## Work order
From the line containing "Team Award Ribbon" down to the line containing "Traueranzeige von Ursula", copy out the entries below exactly, both lines included, and nothing else; pictures do not belong in the copy.

## The input
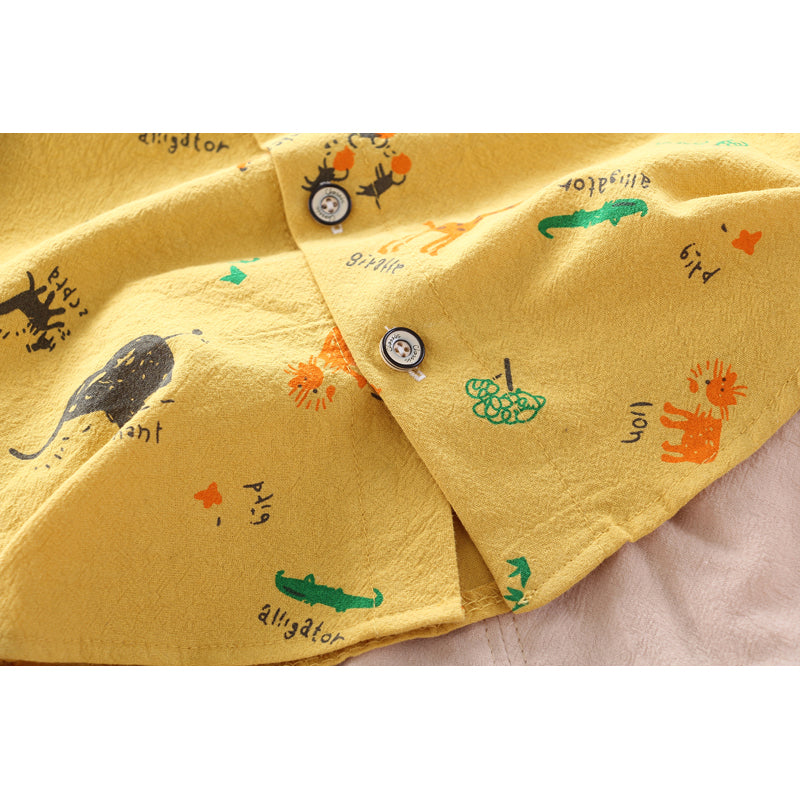 Boys Printed Pure Cotton Shirt with Shorts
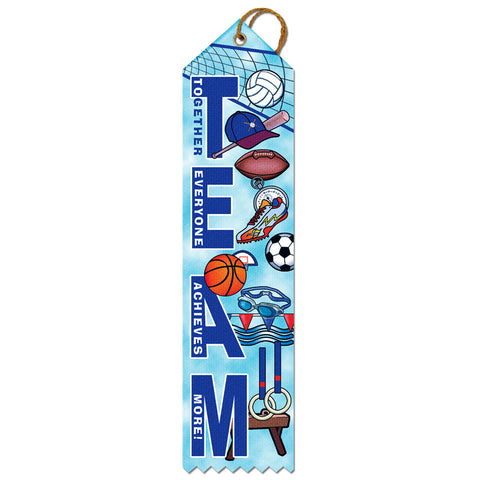 2" X 8" Stock Multicolor Point Top Team Award Ribbon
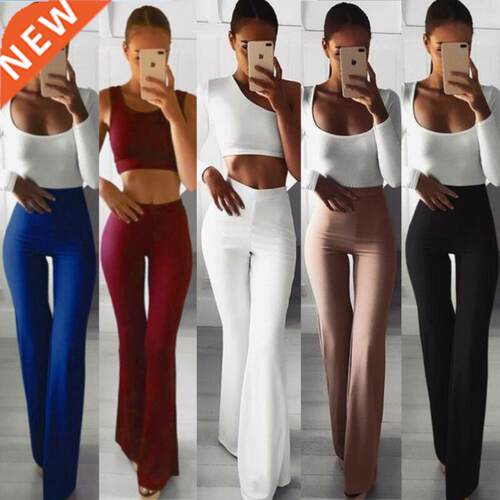 New Women Slim High Waist Wide Leg Flared Ladies Palazzo Stc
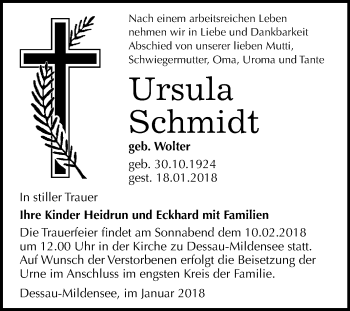 Traueranzeige von Ursula Schmidt von Mitteldeutsche Zeitung Dessau-Roßlau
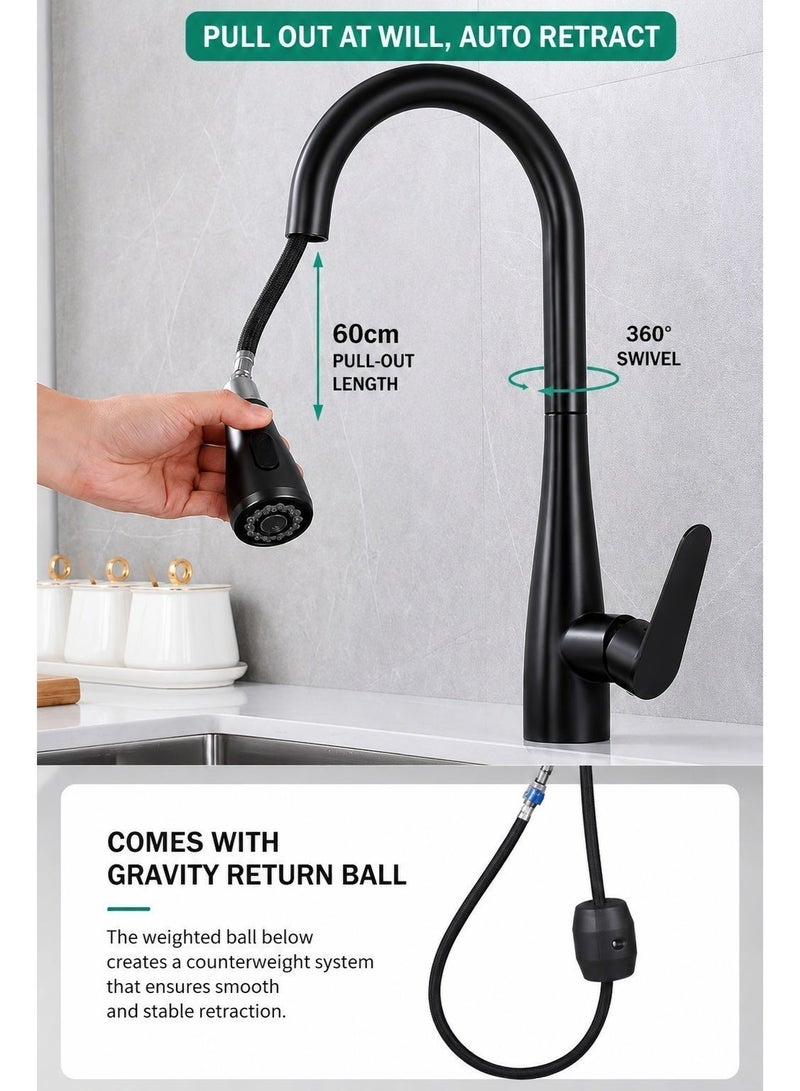 Aurrako Kitchen Faucet Tap,Stainless Steel Water Tap 4 Modes with Pull Out Spray Head ,360 Rotating Way,Single Handle High Pressure Hot and Cold Morden Kitchen Tap - Image 4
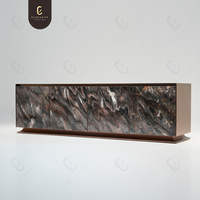 Table console TV moderne de luxe haut de gamme avec plateau en marbre pour salon et appartement, meubles de maison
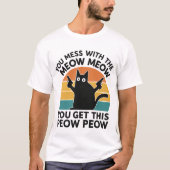 Funny Cat Lover Geschenk - Meow Meow Peow Retro T-Shirt (Vorderseite)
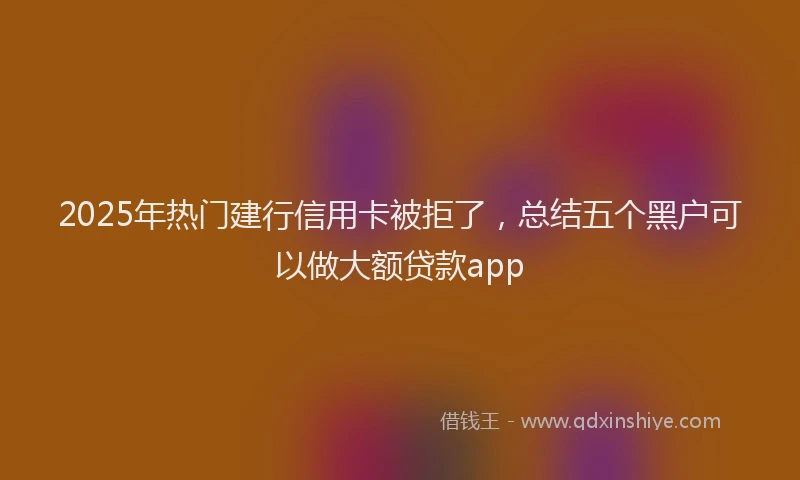 2025年热门建行信用卡被拒了，总结五个黑户可以做大额贷款app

## Result for this exercise
 2" X 8" Stock Multicolor Point Top Team Award Ribbon
 New Women Slim High Waist Wide Leg Flared Ladies Palazzo Stc
 Traueranzeige von Ursula Schmidt von Mitteldeutsche Zeitung Dessau-Roßlau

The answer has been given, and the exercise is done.